Ainsi en est-il de l’aumône : certes notre don va profiter à quelqu’un, mais avant cela, il nous profite à nous, au regard que nous portons sur nous et non au regard que les autres portent sur nous. Nous n’avons pas à craindre que notre effort de charité ne soit pas à la hauteur des efforts d’un autre ou à la hauteur de ce que les autres attendent de nous en la matière. Agissons selon ce que notre cœur nous conseille ; si nous nous laissons guider par notre cœur et par l’amour de Dieu qui y réside, nous ne nous tromperons pas. Au contraire, nous retrouverons notre humanité et notre sens de la solidarité. Ainsi en est-il aussi de la prière. Comme le dit une Préface de l’Eglise (4ème préface commune) : Tu n’as pas besoin de notre louange… nos chants n’ajoutent rien à ce que tu es. Que nous priions Dieu ou pas, Dieu est Dieu, Dieu reste Dieu. Mais poursuit cette même préface, nos chants nous font progresser vers le salut ; l’ancienne traduction du missel disait : ils nous rapprochent de toi ! Et n’est-ce pas là notre secret désir : être proche de Dieu, comme nous sommes proches de nos amis ? Prions Dieu pour découvrir en nous sa présence agissante, son amour sauveur, sa miséricorde. Ainsi en est-il du jeûne : privons-nous pour retrouver un équilibre, pour comprendre à nouveau que le bonheur d’être est plus important que le bonheur d’avoir. Vivons ce carême en communauté certes, mais pour nous d’abord, pour nous rendre compte que nous valons mieux et plus que ce que nous pouvons croire quelquefois ; pour nous d’abord, pour remettre un peu de cohérence dans notre vie entre ce que nous croyons profondément et ce que nous vivons parfois. Ne faisons pas d’efforts, mais redécouvrons-nous, tel que Dieu nous a voulus, tel que Dieu nous a faits, tel que Dieu nous invite à être. Retrouvons l’amour de nous pour grandir dans l’amour de Dieu et le service de nos frères.

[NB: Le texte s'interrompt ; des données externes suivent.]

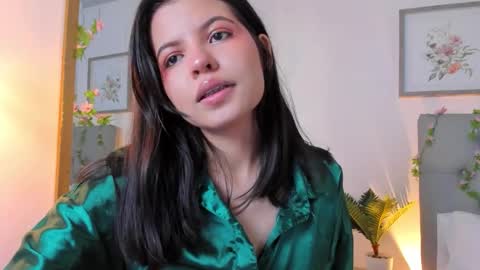 Sophia Howland online show from February 6, 9:29 pm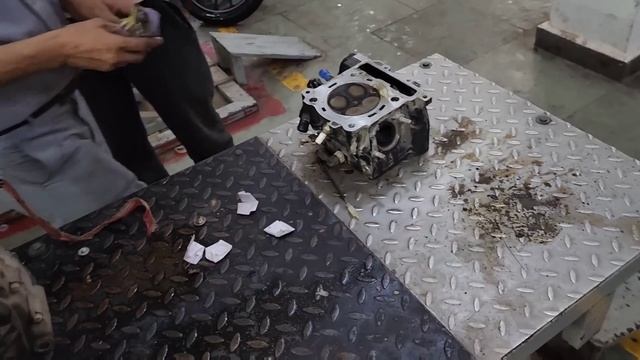 14000 Km Par Khul Gaya Apni Dominar 400 Ka Engine 😔 | Engine Head & Shim Noise Issues Dominar 400 смотреть онлайн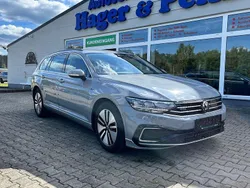 Grau Gebraucht 2022 VW Passat GTE Kombi | 24.490 € (Guter Preis)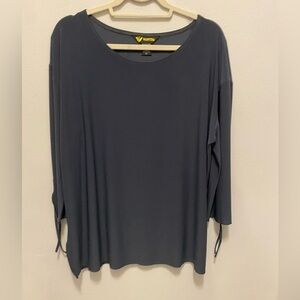 Valentina ladies XL medium Gray blouse. In very good condition. Ties on sleeves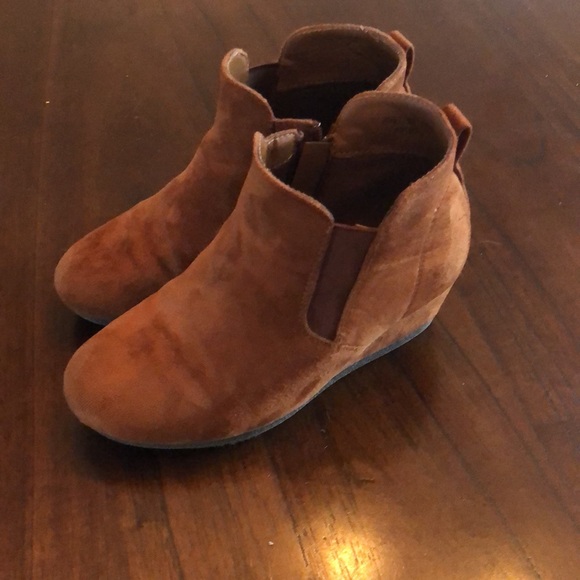 Girls brown short booties - Picture 2 of 3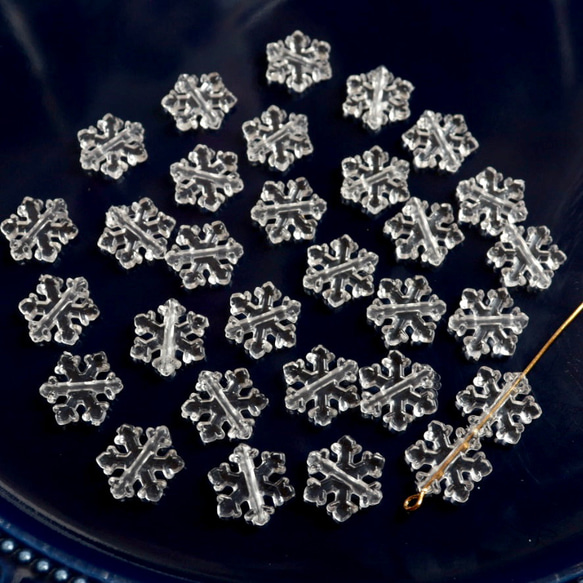40個★11.5mm雪　雪の結晶　雪の樹脂ビーズ  クリア 14枚目の画像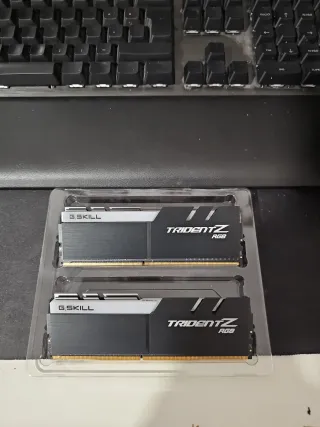 G.Skill Trident Z RGB DDR4 2x8GB 3866MHz CL18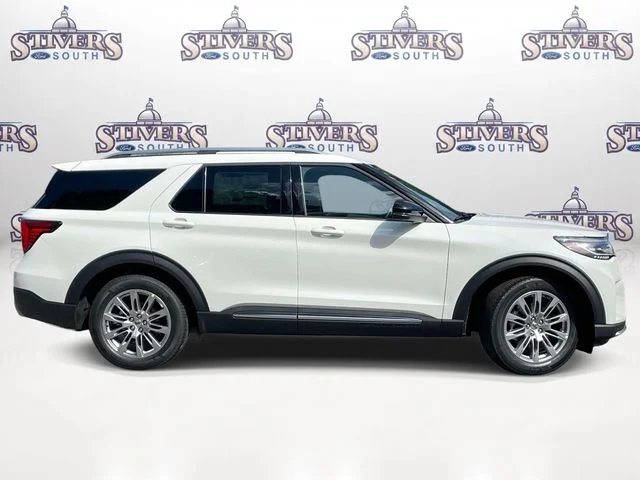 New 2026 White Ford Platinum image 2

A ceux qui pensent que cela est
égoïste et tellement éloigné de ce qu’un carême doit être, je renvoie à ce
conseil donné par Saint Bernard au pape Eugène III. Il lui écrit ceci : Tes
occupations, je ne te demande pas de les rompre, mais simplement de les
interrompre… Puisque tous les autres profitent de toi, profite donc toi aussi
de toi-même. Pourquoi serais-tu le seul à être privé de cette faveur ?

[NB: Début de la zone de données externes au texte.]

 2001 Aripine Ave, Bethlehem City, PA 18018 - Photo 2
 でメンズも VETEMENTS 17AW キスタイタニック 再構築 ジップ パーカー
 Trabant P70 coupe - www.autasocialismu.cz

Rappelle-toi donc, je ne dis pas toujours, je ne dis même pas souvent, mais au
moins de temps en temps, que tu te dois aussi à toi-même. Est-ce vraiment trop
demander ? Avec moi, je vous invite à vivre ce carême comme un temps
pour vous, pour redécouvrir ce que vous êtes aux yeux de Dieu : un homme
ou une femme qu’il est venu sauver, personnellement. Cette découverte ne se
fait pas sur la place publique, mais dans le secret, dans le secret de
nos cœurs, là où Dieu nous parle, là où l’amour de Dieu nous transforme, là où
la miséricorde de Dieu nous réconcilie avec Lui et avec nous. Entendons chacun
le conseil de Saint Bernard pour nous : Vis ce carême, profite de
toi-même ; est-ce vraiment trop demander ? Amen.